Not long ago, celebrities and socialites jostled one another to pose for pictures in her foyer. These days, old friends like Joan Collins are slow to return her calls, and dismal turnout may force her to discontinue lunch at the restaurant. No matter. She plans to turn Rage into an upscale chain, expanding it to Houston, Dallas, Boston, and Chicago, and will open a new Regine's disco in midtown within a year. Soon, she says, she will open a boutique hotel chain and produce a Broadway musical about her father, The Light of Belleville. "Every morning, I wake up with something else I want to do," she explains. "I am a survivor."
But first she must survive New York. Regine chokes up when she remembers how effusively she was greeted here in 1976, when she opened her club, Regine's, in the brief period between the waning of El Morocco and the waxing of Studio 54. "Everyone said, 'You're crazy to open in New York; the whole place is going to go plop in the river,'" says Regine. She signed a fifteen-year lease anyway, and from the first night, her place was a smash success. "I am the one who saved this city from bankruptcy. I made it happy again," she says. "New York owes me."
When her New York club closed in the midst of the early-nineties recession, Regine retreated for a while to Europe, where she lived in Paris and Gstaad with her second husband, Roger Choukroun, a onetime computer engineer eight years her junior. She has one child from her first marriage, a son who was raised by his father. Over kirs one night at Rage, I read her a quote she gave to New Yorkmore than twenty years ago: "My work is my passion above all. I never loved a man that way. If Roger was ever the cause of my not succeeding, I would leave him and he knows it." Does she still feel that way? "Yes," she says. "Absolutement."
"People at my age are ready to die, but I am like a night flower. I bloom only after midnight," declares Regine a few days earlier. It's noon, and the queen is sitting in a spare York Avenue apartment, shouting over a noisy humidifier.

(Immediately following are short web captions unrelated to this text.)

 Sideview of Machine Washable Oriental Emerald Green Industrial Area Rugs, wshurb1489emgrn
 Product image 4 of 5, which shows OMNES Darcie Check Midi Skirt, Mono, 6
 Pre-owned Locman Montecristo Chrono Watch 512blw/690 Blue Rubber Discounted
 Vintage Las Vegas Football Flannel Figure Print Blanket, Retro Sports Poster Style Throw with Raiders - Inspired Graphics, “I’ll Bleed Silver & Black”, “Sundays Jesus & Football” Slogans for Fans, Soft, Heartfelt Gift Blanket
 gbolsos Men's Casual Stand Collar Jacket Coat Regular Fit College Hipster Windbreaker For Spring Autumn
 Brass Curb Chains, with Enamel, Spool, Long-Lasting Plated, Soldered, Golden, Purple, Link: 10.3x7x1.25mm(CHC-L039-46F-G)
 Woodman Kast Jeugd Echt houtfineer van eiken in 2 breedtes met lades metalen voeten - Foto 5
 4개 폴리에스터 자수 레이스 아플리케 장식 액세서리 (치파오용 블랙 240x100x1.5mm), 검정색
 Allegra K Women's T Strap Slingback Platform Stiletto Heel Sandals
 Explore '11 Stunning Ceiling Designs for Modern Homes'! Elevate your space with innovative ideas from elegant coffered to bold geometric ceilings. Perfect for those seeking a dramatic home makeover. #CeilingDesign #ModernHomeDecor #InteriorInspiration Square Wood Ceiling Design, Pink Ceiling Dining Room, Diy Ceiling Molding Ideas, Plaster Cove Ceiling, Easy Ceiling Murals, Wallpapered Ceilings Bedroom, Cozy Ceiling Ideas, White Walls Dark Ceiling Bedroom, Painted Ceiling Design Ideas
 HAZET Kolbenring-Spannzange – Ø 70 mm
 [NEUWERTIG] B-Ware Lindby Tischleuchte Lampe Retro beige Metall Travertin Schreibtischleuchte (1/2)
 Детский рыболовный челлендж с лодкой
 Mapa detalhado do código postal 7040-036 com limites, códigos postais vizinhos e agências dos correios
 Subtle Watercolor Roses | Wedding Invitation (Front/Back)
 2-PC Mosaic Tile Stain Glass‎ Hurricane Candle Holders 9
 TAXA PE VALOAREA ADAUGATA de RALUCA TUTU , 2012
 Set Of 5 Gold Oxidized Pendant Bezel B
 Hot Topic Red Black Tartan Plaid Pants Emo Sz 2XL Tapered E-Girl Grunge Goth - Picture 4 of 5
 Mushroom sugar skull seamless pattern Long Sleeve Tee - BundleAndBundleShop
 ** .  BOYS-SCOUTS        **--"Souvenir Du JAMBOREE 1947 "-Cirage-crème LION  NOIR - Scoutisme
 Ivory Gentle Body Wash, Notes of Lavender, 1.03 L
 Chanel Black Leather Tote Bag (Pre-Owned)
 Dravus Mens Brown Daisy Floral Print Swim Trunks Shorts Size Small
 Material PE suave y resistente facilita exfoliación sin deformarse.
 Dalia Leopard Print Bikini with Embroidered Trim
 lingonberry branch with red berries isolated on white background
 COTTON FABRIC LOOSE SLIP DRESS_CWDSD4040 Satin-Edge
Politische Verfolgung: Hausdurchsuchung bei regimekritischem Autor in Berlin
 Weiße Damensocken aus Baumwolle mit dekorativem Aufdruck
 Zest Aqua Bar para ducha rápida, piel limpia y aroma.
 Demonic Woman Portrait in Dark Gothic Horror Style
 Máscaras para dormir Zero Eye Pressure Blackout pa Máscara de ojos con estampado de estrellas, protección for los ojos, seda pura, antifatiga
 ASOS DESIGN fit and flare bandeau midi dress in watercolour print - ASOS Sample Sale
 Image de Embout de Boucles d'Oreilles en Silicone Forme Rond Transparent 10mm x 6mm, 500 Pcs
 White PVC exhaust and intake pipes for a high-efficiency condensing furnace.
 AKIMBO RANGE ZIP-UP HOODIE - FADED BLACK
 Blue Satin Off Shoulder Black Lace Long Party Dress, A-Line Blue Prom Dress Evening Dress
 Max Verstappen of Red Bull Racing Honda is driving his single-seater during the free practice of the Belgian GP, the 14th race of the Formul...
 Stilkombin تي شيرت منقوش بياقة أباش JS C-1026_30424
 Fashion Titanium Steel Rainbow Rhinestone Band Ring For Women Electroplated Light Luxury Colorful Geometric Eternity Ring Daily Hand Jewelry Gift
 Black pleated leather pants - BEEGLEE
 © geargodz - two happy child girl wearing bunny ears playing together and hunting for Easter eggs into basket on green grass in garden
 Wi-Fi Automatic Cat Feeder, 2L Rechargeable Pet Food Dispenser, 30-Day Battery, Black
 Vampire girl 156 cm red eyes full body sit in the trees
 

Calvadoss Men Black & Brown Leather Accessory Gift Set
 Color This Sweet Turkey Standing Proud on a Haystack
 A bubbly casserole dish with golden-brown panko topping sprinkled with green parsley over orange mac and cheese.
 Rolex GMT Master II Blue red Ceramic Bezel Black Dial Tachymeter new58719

Naked under a frilly pink robe, her thin red eyebrows not yet penciled on, she looks pale and strangely childlike. "I come home at eight in the morning, say 'Hello, bed!,' and my bed says, 'Hello, Regine!' Then I fly to Paris on the Concorde." She laughs so heartily that her little Maltese, Melodie, takes to the foot of a plastic-covered couch in fright.
As much a celebrity as most of her patrons, Regine has always cultivated her life story carefully. Spend an hour with her and she will regale you with tales of the twelve-foot pet boa constrictor given to her by Federico Fellini, the weeklong fasts she undertakes before opening a club, her abilities as a judo master and turbojet pilot. To this day, she visits three different psychics to rid herself of the unwholesome residue of her nocturnal pursuits: "I meet 400 people every night," she explains. "I'm the one in the middle. Everyone thinks something about me -- maybe good, maybe bad, I don't know -- but they're all thinking about me. So I like to be clean."